Nuria Molner, Luis Rosa, Fulvio Risso, Konstantinos Samdanis, David Artuñedo, Rob Smets, Tarik Taleb, David Gomez-Barquero

TL;DR

The paper tackles the challenge of end-to-end orchestration across a multi-segment edge–cloud continuum in 6G, proposing AIORA, an AI-native architecture that integrates with existing European initiatives (ETSI MEC, GSMA Operator Platform, CAMARA, CAPIF) to enable secure, low-latency, multi-stakeholder service orchestration. Its core contributions include the concept of multi-segment virtual continuums, a cross-segment intelligence substrate, and nested AI-driven closed loops for real-time optimization, supported by a service-enabling framework and CAMARA-based API exposure. The authors argue that AIORA enables fine-grained, federated resource sharing and proactive management across domains, addressing scalability, energy efficiency, and QoE while maintaining interoperability with standards like 3GPP, O-RAN, and NFV. The work outlines concrete architectural components, lifecycle management workflows, and integration points that can accelerate industry adoption toward an open, interoperable, and AI-driven 6G ecosystem.

Abstract

This paper elaborates on a novel AI-native architecture for emerging 6G systems harnessing open APIs, along with supporting mechanisms to empower intelligent and coordinated orchestration of edge-cloud continuum resources. The AIORA architecture facilitates a seamless creation, life-cycle management, and exposure of services in multi-segment heterogeneous environments. It integrates new breeds of tools and advanced technologies to enable zero-touch management of an edge-cloud continuum, building on top of the 3GPP Edge Enablement Layer and the respective connectivity models, allowing to cater to the high flexibility, availability, efficiency, reliability, and resilience needs of the future 6G services and applications. Several ongoing industry initiatives -- such as ETSI MEC for edge computing platforms, the GSMA Operator Platform for multi-operator service federation, and CAMARA for cross-operator API standardization -- demonstrate the growing momentum towards integrated frameworks where edge, cloud, and network resources can be seamlessly orchestrated. Our proposed AIORA architecture not only aligns with these initiatives but also extends them by leveraging a multi-segment virtual continuum concept and nested AI-driven closed loops for real-time optimization.
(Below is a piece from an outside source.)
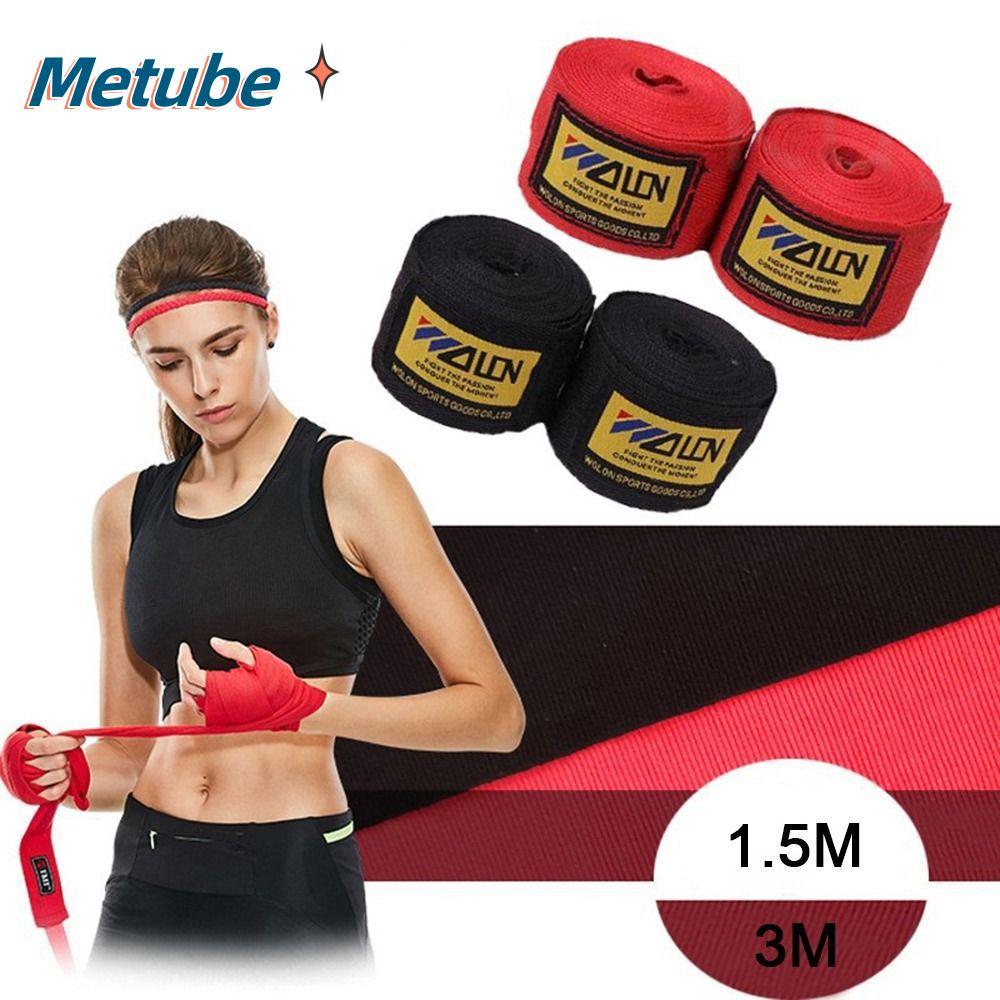 METUBE 2 Cuộn Băng Đấm Bốc, MMA Sanda Kick Boxing Wraps, 1.5 / Tay Quấn Dây Đeo Thể Thao Nhiều Màu Sắc
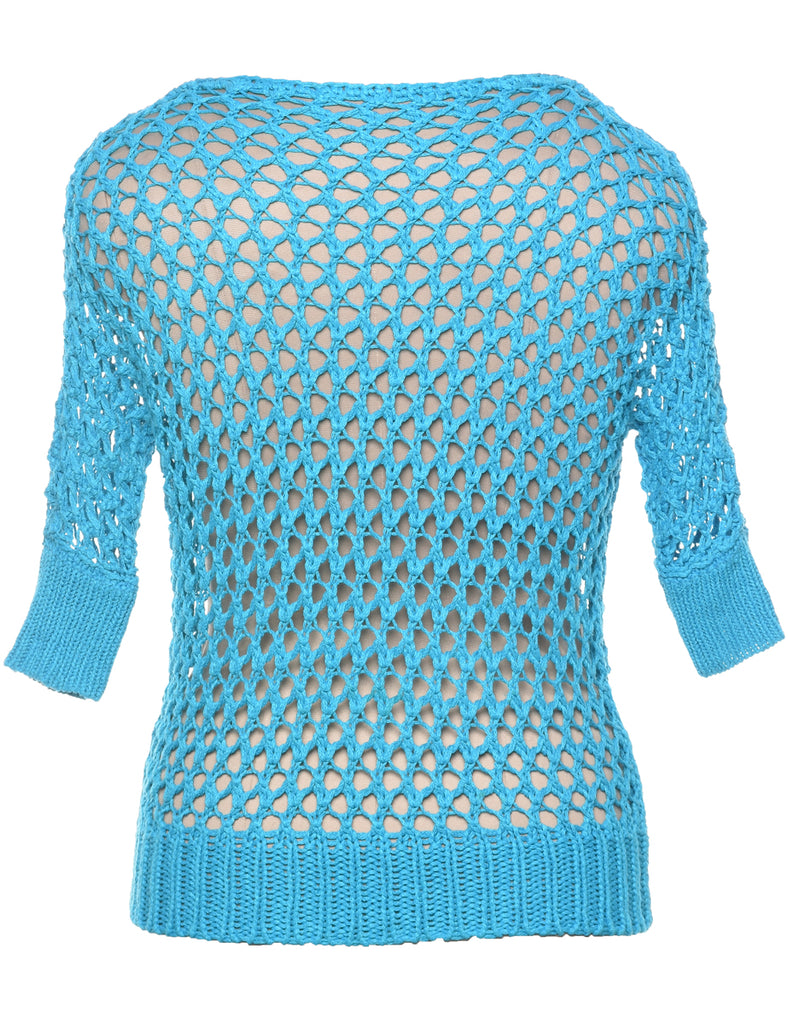 Crochet Blue Jumper - XL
AIORA: An AI-Native Multi-Stakeholder Orchestration Architecture for 6G Continuum

TL;DR

The paper tackles the challenge of end-to-end orchestration across a multi-segment edge–cloud continuum in 6G, proposing AIORA, an AI-native architecture that integrates with existing European initiatives (ETSI MEC, GSMA Operator Platform, CAMARA, CAPIF) to enable secure, low-latency, multi-stakeholder service orchestration. Its core contributions include the concept of multi-segment virtual continuums, a cross-segment intelligence substrate, and nested AI-driven closed loops for real-time optimization, supported by a service-enabling framework and CAMARA-based API exposure. The authors argue that AIORA enables fine-grained, federated resource sharing and proactive management across domains, addressing scalability, energy efficiency, and QoE while maintaining interoperability with standards like 3GPP, O-RAN, and NFV. The work outlines concrete architectural components, lifecycle management workflows, and integration points that can accelerate industry adoption toward an open, interoperable, and AI-driven 6G ecosystem.

Abstract

This paper elaborates on a novel AI-native architecture for emerging 6G systems harnessing open APIs, along with supporting mechanisms to empower intelligent and coordinated orchestration of edge-cloud continuum resources. The AIORA architecture facilitates a seamless creation, life-cycle management, and exposure of services in multi-segment heterogeneous environments. It integrates new breeds of tools and advanced technologies to enable zero-touch management of an edge-cloud continuum, building on top of the 3GPP Edge Enablement Layer and the respective connectivity models, allowing to cater to the high flexibility, availability, efficiency, reliability, and resilience needs of the future 6G services and applications. Several ongoing industry initiatives -- such as ETSI MEC for edge computing platforms, the GSMA Operator Platform for multi-operator service federation, and CAMARA for cross-operator API standardization -- demonstrate the growing momentum towards integrated frameworks where edge, cloud, and network resources can be seamlessly orchestrated. Our proposed AIORA architecture not only aligns with these initiatives but also extends them by leveraging a multi-segment virtual continuum concept and nested AI-driven closed loops for real-time optimization.

Paper Structure

This paper contains 6 sections, 2 figures.

Figures (2)

  • Figure 1: The envisioned AIORA architecture showing the composition of multi-segment virtual continuums based on multi-stakeholder heterogeneous network and cloud infrastructure resources, with each multi-segment virtual continuum being configured with a customised user, control, cloud, management, and intelligence planes. A cross-segment intelligence and resource coordination substrate resolves conflicts among multi-segment virtual continuums, assuring a service targets harmonisation related to the applications enabled on the top.
  • Figure 2: Service Enabling Framework that offers the tools for facilitating services across a heterogeneous multi-stakeholder cloud and network infrastructure and shows the relation with the 3GPP SA6 WG business scenarios: (i) Business Scenario A: Single business operator that offers and manages all entities of the system, (ii) Business Scenario B: An application provider offers the application servers and an MNO or an edge computing service provider offers the virtual infrastructure and the multi-segment virtual continuums, while a single business operator manages all entities of the system, and (iii) Business Scenario C: An application provider offers the application server and an MNO, or an edge computing service provider offer the virtual infrastructure and the multi-segment virtual continuums, while an MNO is responsible for the management of the virtual infrastructure and service provider for the virtual network on the top including the applications.